Transizione digitale, occasione sprecata: l’Ue ha investito ma senza strategia.
L’Unione europea ha stanziato risorse senza precedenti per sostenere la ripresa economica dopo la pandemia, puntando su due pilastri: transizione verde e digitale. Ma se il Recovery and Resilience Facility (RRF), lo strumento principale per questo rilancio, ha garantito che almeno il 20% delle risorse nazionali fosse destinato al digitale, il vero impatto di questi fondi sulla trasformazione tecnologica del continente resta incerto. A dirlo è la Corte dei conti europea in una relazione pubblicata oggi, che parla apertamente di un’occasione mancata.

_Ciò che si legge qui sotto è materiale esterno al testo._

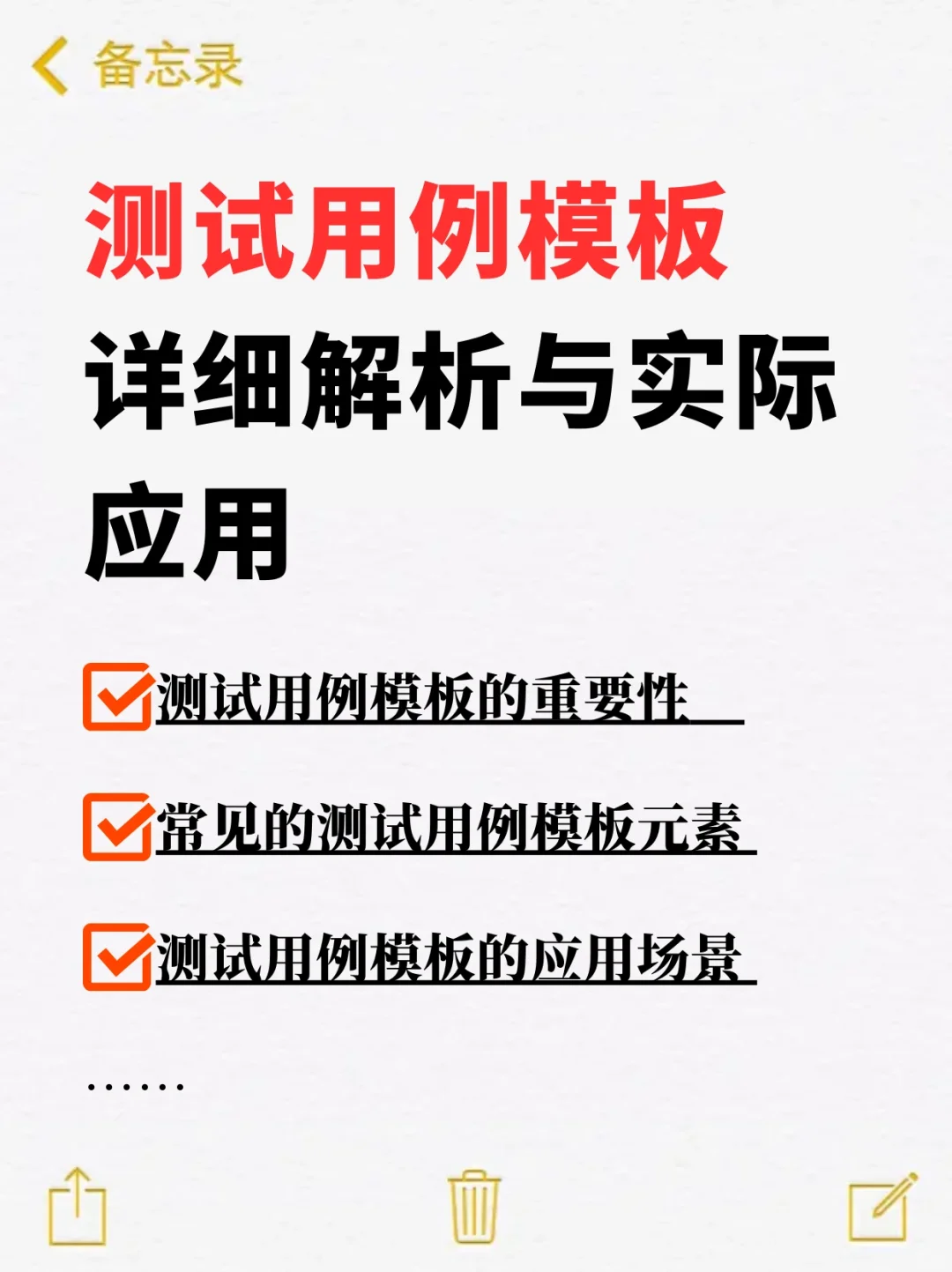 测试用例模板：详细解析与实际应用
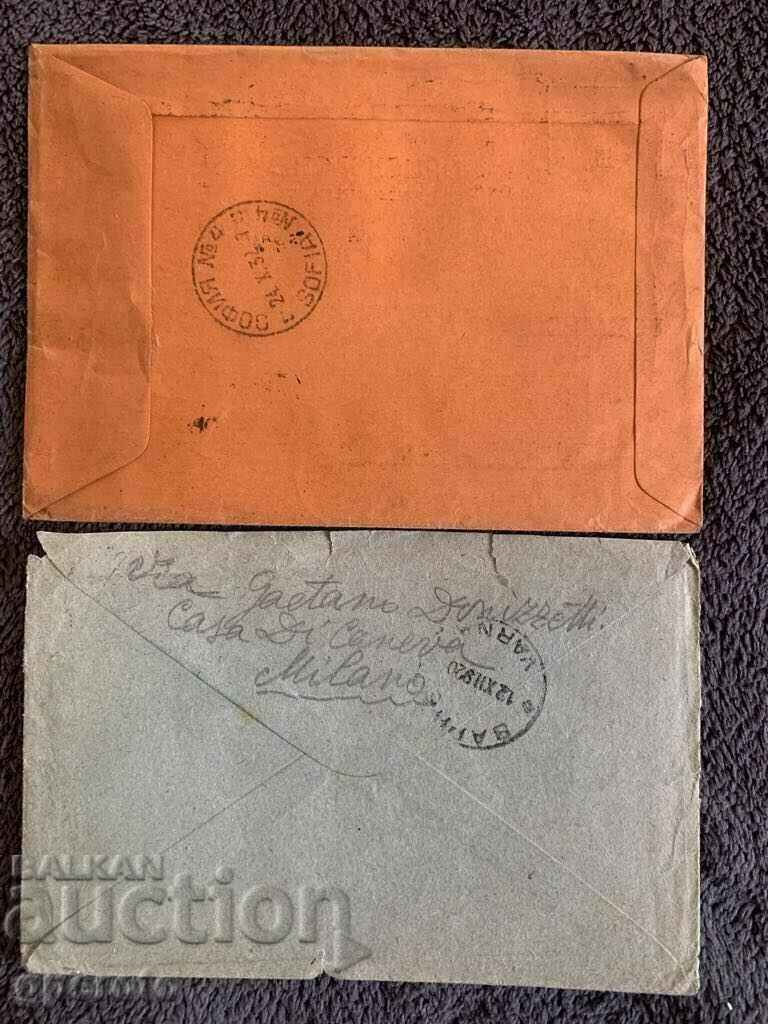 Old Travel Envelopes - Lot - 3 with price 4.00 BGN | € 2.05 Old Travel Envelopes - Lot - 3 with price 4.00 BGN | € 2.05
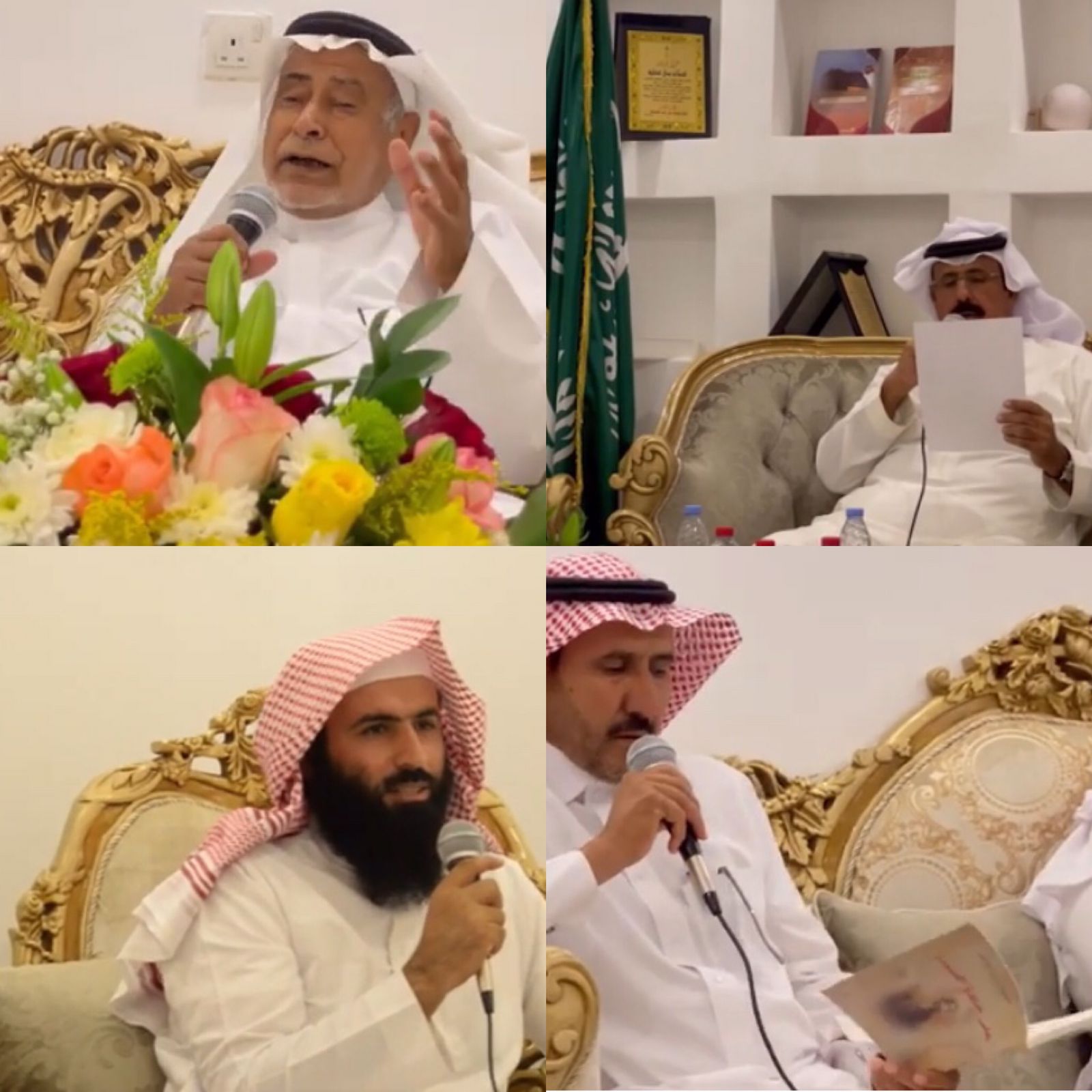 لنا الأمجاد حكاية حب للأحفاد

A fronte di una dotazione complessiva da 724 miliardi di euro, quasi 150 miliardi sono stati destinati alla digitalizzazione, rendendo l’RRF il maggiore strumento finanziario dell’UE per il settore. Tuttavia, la Corte segnala che l’allocazione dei fondi non ha seguito criteri strategici: molti Stati membri hanno investito in ambiti dove erano già forti, ignorando le aree più critiche.
“Tutti i Paesi hanno rispettato la soglia minima del 20%, ma senza una visione comune né un obbligo di intervenire sui propri punti deboli. Alcuni hanno rafforzato settori già performanti, perdendo di vista l’obiettivo principale”, ha dichiarato nell’occasione Ildikó Gáll-Pelcz, membro della Corte dei conti.
A mancare, secondo il rapporto, è stata una definizione chiara e condivisa di ‘transizione digitale’, lasciando così ai governi ampia libertà nell’identificazione delle misure. Il risultato? Una grande varietà di progetti, non sempre orientati al cambiamento strutturale del sistema digitale.
Non solo. Alla fine del 2024, secondo i dati ufficiali, gli Stati membri avevano implementato appena il 31% dei traguardi digitali previsti, con un ritardo di sei punti percentuali rispetto al calendario iniziale. Nei cinque Paesi oggetto dell’audit (Italia, Francia, Danimarca, Lussemburgo e Romania), quasi la metà degli obiettivi era in ritardo. Alcuni sono stati rinviati, modificati o addirittura sostituiti.
Un’altra delusione riguarda i progetti digitali multinazionali, pensati per rafforzare la cooperazione tra i Paesi Ue su infrastrutture e tecnologie chiave. Ma, su oltre 1.000 misure digitali finanziate, solo 60 hanno avuto una dimensione transnazionale, con un budget complessivo di appena 5 miliardi di euro – il 3,3% del totale.
Un segnale di quanto il breve orizzonte temporale dell’RRF mal si concili con la natura a lungo termine dei progetti digitali complessi.
Altro nodo critico è il sistema di monitoraggio. La Corte denuncia indicatori troppo generici, spesso focalizzati sulle attività realizzate più che sui risultati ottenuti. Inoltre, mancano standard comuni per la raccolta dei dati, con oltre il 60% delle misure esaminate privo di indicatori affidabili o comparabili.
Il risultato? È difficile capire se, come e quanto le riforme abbiano realmente accelerato la digitalizzazione in Europa.